Instructions to follow => With the pictures left out, copy the records below exactly from the first line down to the line holding "This is machine", and include that line.

+++ Record set +++

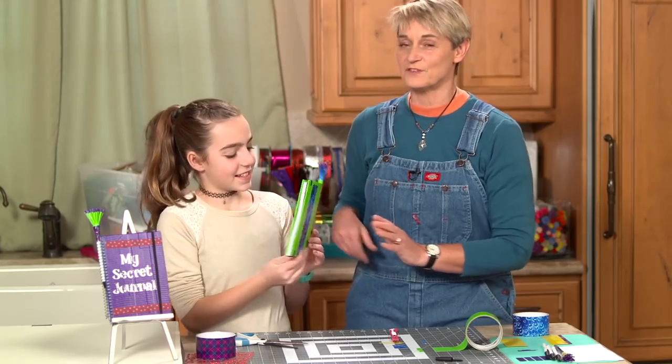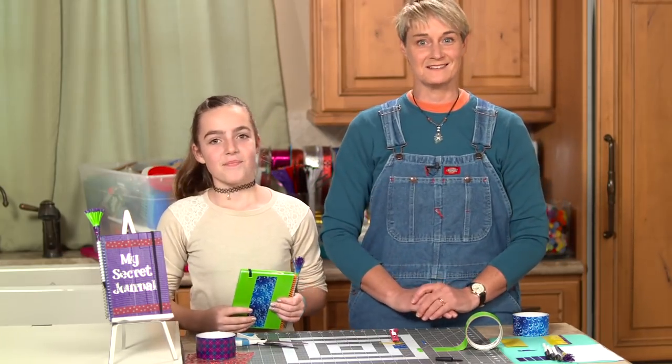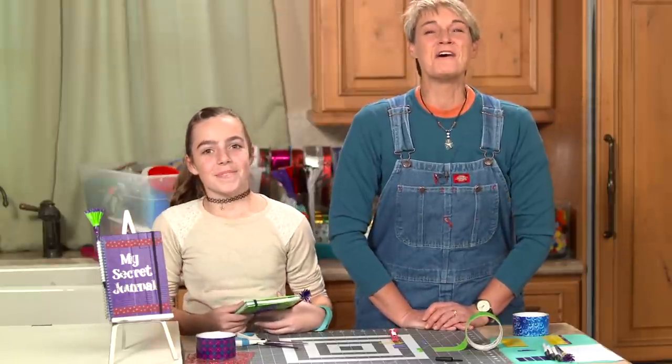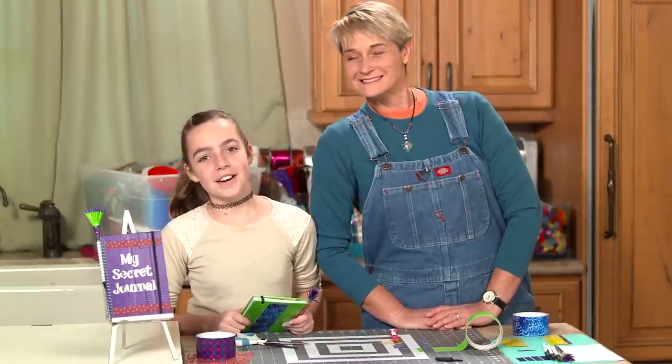And there you have it — that is your pen! Now you put that with your fabulous diary and you are all set for keeping your super secret secrets secret. For more fun ideas, come and check us out at Sophie-world.com.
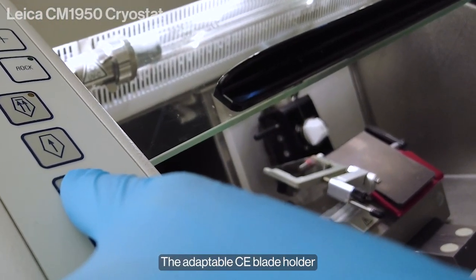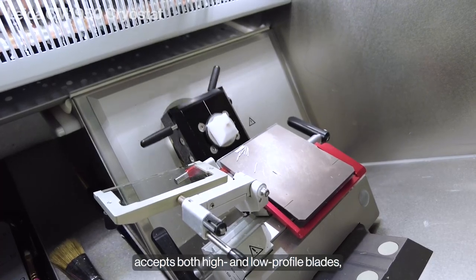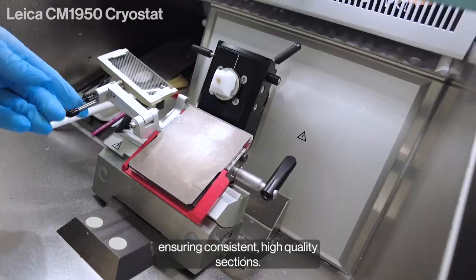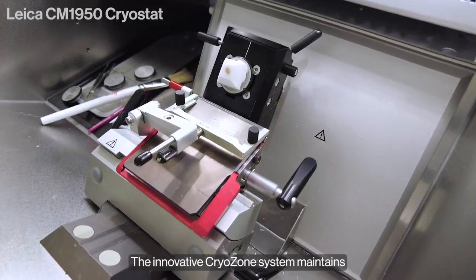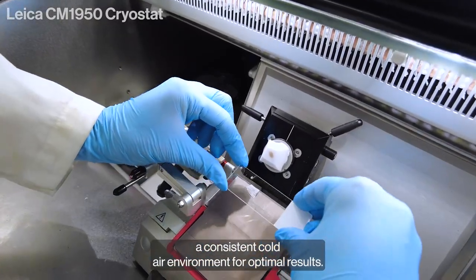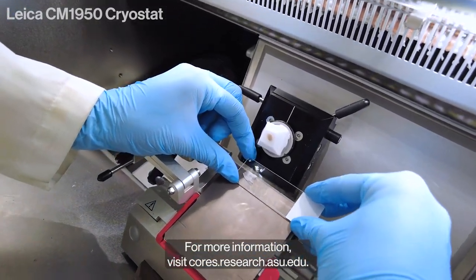The adaptable CE blade holder accepts both high- and low-profile blades, ensuring consistent, high-quality sections. The innovative Cryozone system maintains a consistent cold air environment for optimal results.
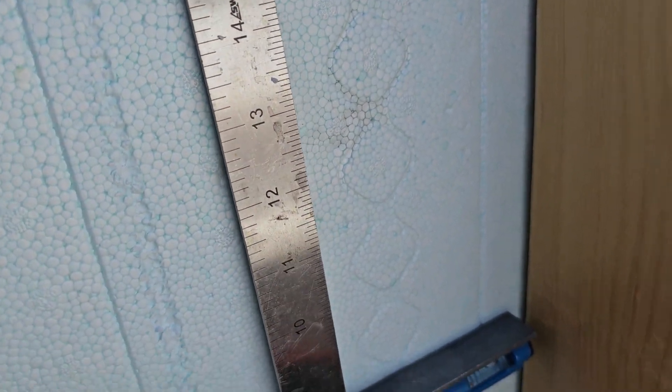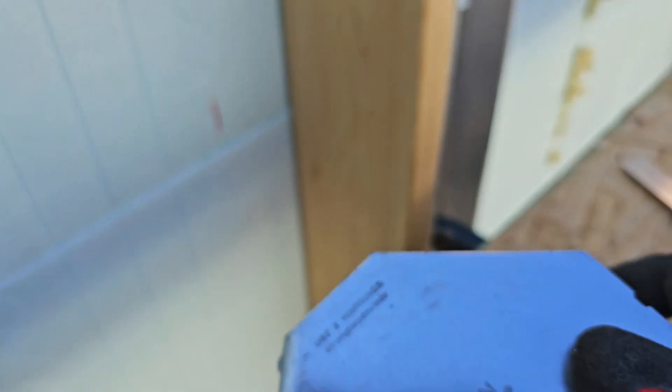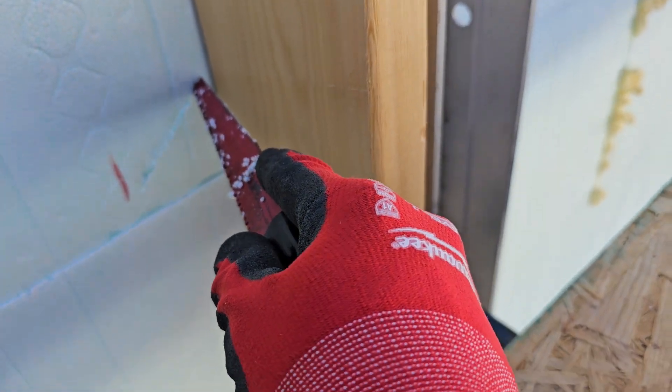I've got this right here — that's where the top of the bracket's going to go. I'll just make a little indentation there. That means this guy right here needs to go at that elevation. I'll kind of rock it back and forth here to make our marks, where I'm now going to use this saw blade to cut.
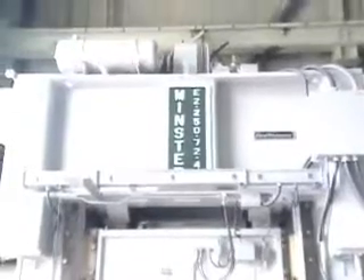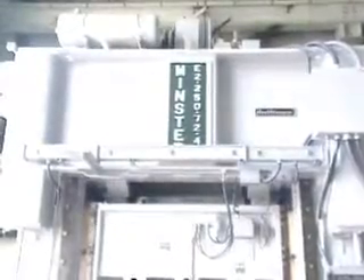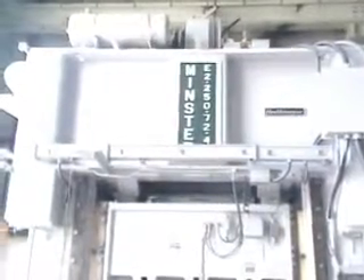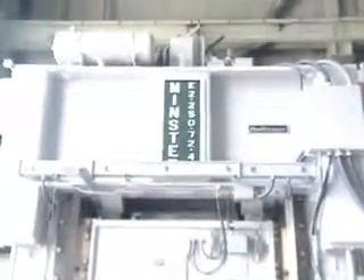This is machine number 3810, 250-ton Minster straight side double crank press. The dimensions: it is 16 feet high, 12 foot right to left, 8 foot front to back. It's located in our Jackson, Michigan warehouse and it's available for inspection under power.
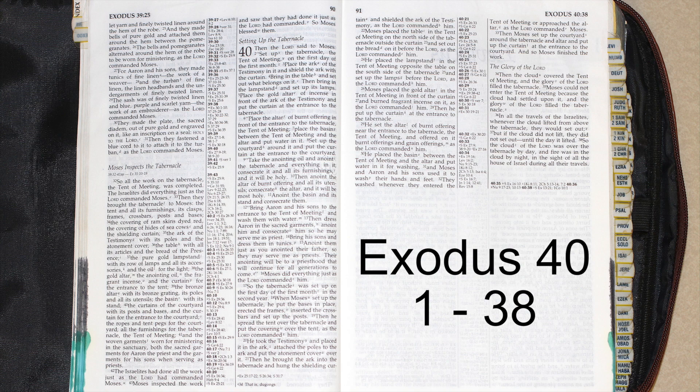He took the testimony and placed it in the ark, attached the poles to the ark, and put the atonement cover over it. Then he brought the ark into the tabernacle and hung the shielding curtain, and shielded the ark of the testimony, as the Lord commanded him. Moses placed the table in the tent of meeting on the north side of the tabernacle, outside the curtain, and set up the bread on it before the Lord, as the Lord commanded him.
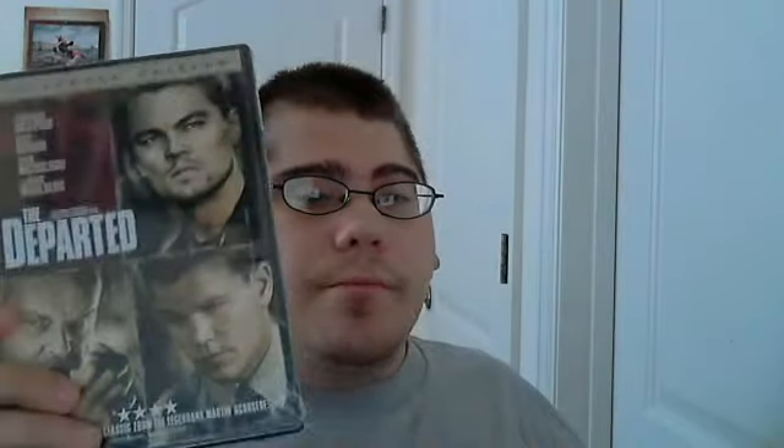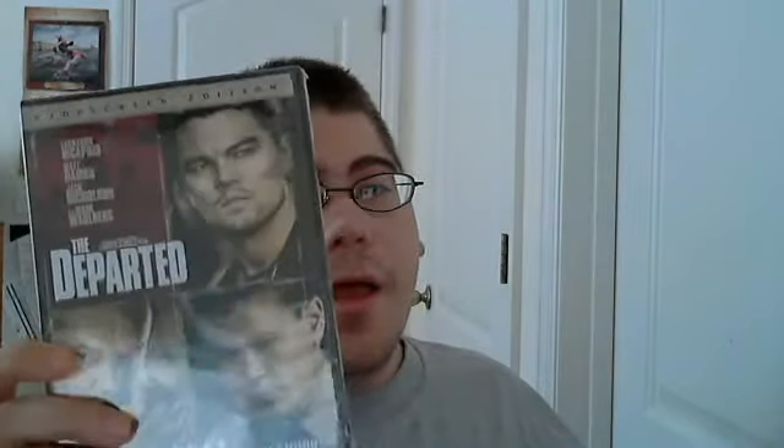I'm actually selling the DVD in just a few moments — somebody's going to come look at it, and they're probably going to get it because I'm selling it for the $5 I paid for it. But we're going to concentrate on the Blu-ray.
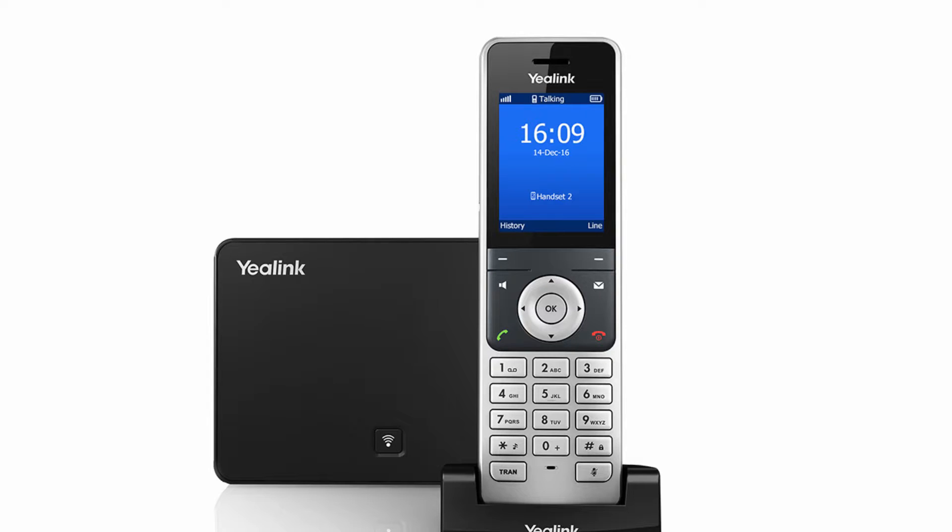After the unit is installed and an account is registered, you can place a call in the following ways. Enter the desired number using the keypad, then press the off-hook key, speakerphone key, or OK key to dial out.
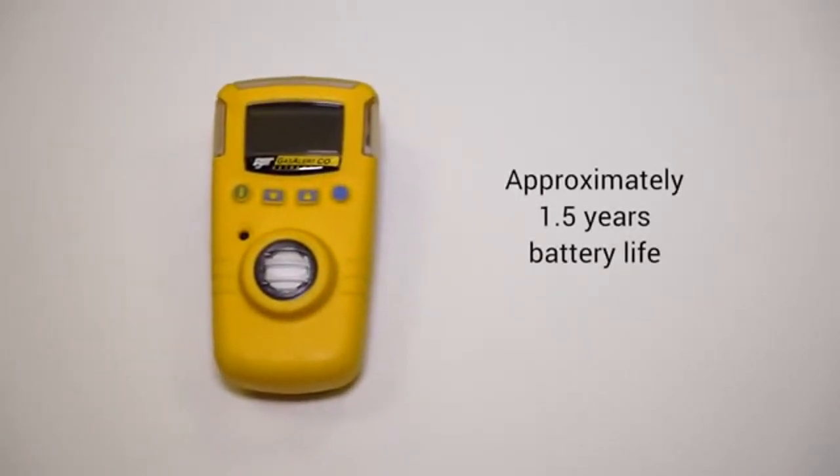Typically, the unit has around a year and a half's battery life, so it can be switched on and off to preserve that and try to exceed the year and a half. The battery can be replaced really quite easily by an authorised service centre, which Frontline are.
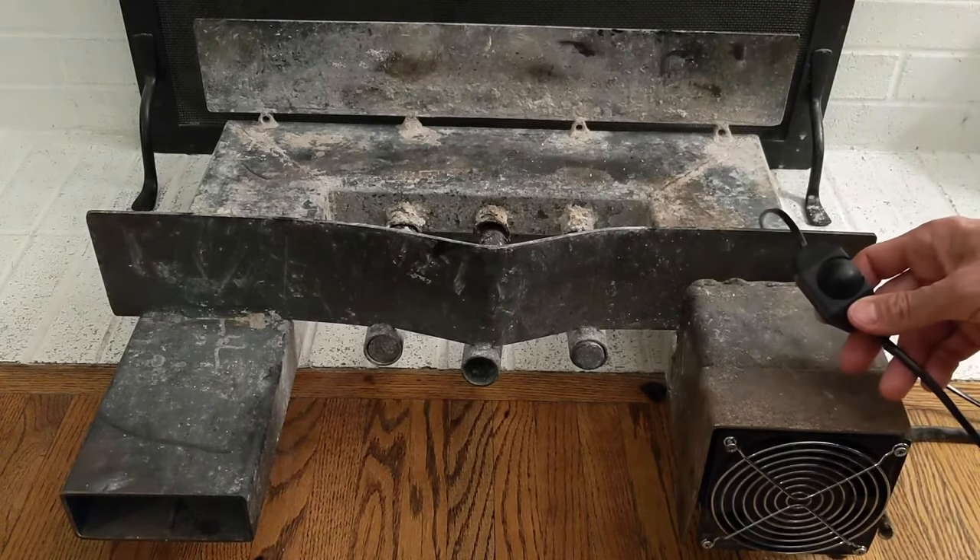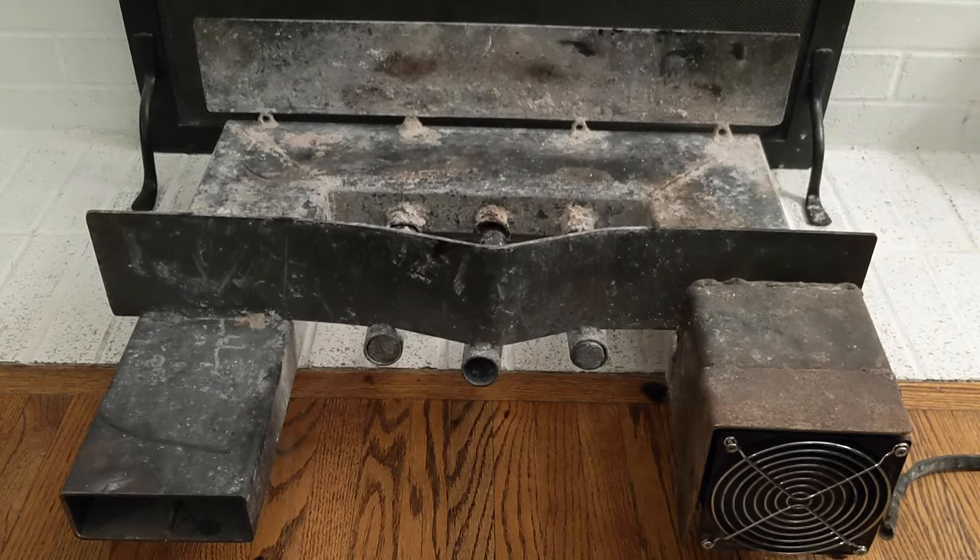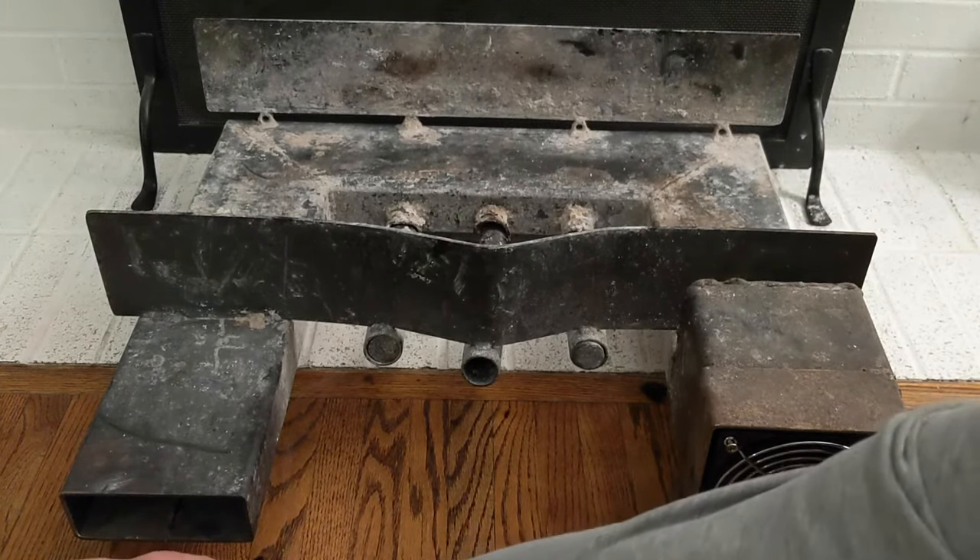Here's the dial for the fan. I've got to plug this in. Let's have a listen and see what you think. So that's low speed. You can turn this thing up to be pretty noisy, but it does blow a ton of air out.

+++

Finished exercise =>
And there you have it — that is your pen! Now you put that with your fabulous diary and you are all set for keeping your super secret secrets secret. For more fun ideas, come and check us out at Sophie-world.com.
The adaptable CE blade holder accepts both high- and low-profile blades, ensuring consistent, high-quality sections. The innovative Cryozone system maintains a consistent cold air environment for optimal results.
I've got this right here — that's where the top of the bracket's going to go. I'll just make a little indentation there. That means this guy right here needs to go at that elevation. I'll kind of rock it back and forth here to make our marks, where I'm now going to use this saw blade to cut.
This is machine number 3810, 250-ton Minster straight side double crank press. The dimensions: it is 16 feet high, 12 foot right to left, 8 foot front to back. It's located in our Jackson, Michigan warehouse and it's available for inspection under power.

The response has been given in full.